Horror, Violence, Sociopathic Loners: The Films of James Fotopoulos Play Downtown

Written by Ed Halter on . Posted in Arts & Film, Posts.

The films of James Fotopoulos examine heady esthetic and existential
concerns through a unique hybrid of contemplative, delicate avant-garde formal
effects and brutal low-budget body-horror, set within meticulously plotted structures
that eschew typical experimental serendipity in favor of calculated auteurist
rigor. At age 24, he’s completed 12 shorts and two features that play like
the unlikely progeny of Stan Brakhage and Richard Kern, set in dingy urban environments
that would make Ed Ulmer proud. Obsessed with the philosophical problems regarding
sex, violence, extreme psychic states and unnerving atmospheres, as well as
the classic formal issues of 16 mm lensing, Fotopoulos’ films wed a youthful
fixation with the overpowering nature of primal drives to an uncommonly mature
certitude of vision and technique.

Few people have had the chance to see Fotopoulos’ works.
He’s only screened them in public fairly recently, and then only at a handful
of festivals. Next week, however, the Chicago director will be in town to screen
his two features, Zero (1997) and Migrating Forms (1999), plus
eight of his most recent shorts.

Fotopoulos grew up in Norridge, IL. His background was solidly
working-class. His father was a policeman and his mother a hairdresser, and
Fotopoulos himself currently works in a warehouse. He also happened to grow
up just a few houses away from the razed former residence of John Wayne Gacy.
"I don’t like to say that too often," Fotopoulos remarked recently.
"I know that people will say ‘Oh, that’s why.’ But when
you’ve always known this empty lot, and what went on there, it can’t
help but make you think."

He displayed an early aptitude for drawing as a kid, but became
fully devoted to filmmaking by 15. After doing a series of 16 mm shorts, he
started shooting his first feature, Zero, at 18, in his first year of
film classes at Columbia College in Chicago.

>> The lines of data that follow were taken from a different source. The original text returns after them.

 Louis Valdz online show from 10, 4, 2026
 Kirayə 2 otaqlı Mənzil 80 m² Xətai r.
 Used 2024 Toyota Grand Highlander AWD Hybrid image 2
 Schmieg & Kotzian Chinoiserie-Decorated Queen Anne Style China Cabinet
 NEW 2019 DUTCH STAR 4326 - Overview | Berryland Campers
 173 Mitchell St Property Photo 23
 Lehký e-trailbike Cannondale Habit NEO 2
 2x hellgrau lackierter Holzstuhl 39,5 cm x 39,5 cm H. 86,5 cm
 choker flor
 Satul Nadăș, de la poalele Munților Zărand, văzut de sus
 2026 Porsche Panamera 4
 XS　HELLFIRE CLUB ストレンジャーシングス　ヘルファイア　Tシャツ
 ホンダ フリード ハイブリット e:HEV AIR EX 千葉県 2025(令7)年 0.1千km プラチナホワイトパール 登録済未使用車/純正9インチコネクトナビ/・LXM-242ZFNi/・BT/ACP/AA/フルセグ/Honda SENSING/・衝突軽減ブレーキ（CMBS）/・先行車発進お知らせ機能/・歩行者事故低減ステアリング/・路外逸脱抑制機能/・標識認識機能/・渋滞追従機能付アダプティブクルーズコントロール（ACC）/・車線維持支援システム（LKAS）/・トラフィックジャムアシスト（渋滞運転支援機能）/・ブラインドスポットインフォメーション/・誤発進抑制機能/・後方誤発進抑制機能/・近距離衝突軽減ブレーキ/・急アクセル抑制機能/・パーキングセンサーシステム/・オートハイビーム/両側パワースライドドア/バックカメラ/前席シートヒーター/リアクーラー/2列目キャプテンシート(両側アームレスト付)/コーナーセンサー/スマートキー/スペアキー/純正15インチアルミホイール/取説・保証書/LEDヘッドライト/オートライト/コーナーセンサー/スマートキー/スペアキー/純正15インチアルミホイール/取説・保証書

Hardly the typical film school fare, Zero is a 142-minute
study of the inner and outer life of a young, sociopathic loner, less a narrative
than a temporal portrait. The unnamed protagonist, a gangly lad in shabby, hickish
garb, meanders through gentle wilderness, covers the walls of his bunker-like
home with pornography and anatomical diagrams, dissects a cow’s head, masturbates
violently to magazines and curses loudly to himself about Jews, blacks and women.
Especially about women: the man endlessly laments his loneliness and lack of
love. In a distinctly Dahmeresque move, he finds sexual satisfaction with a
female mannequin, whom he begins treating passionately as his inanimate inamorata.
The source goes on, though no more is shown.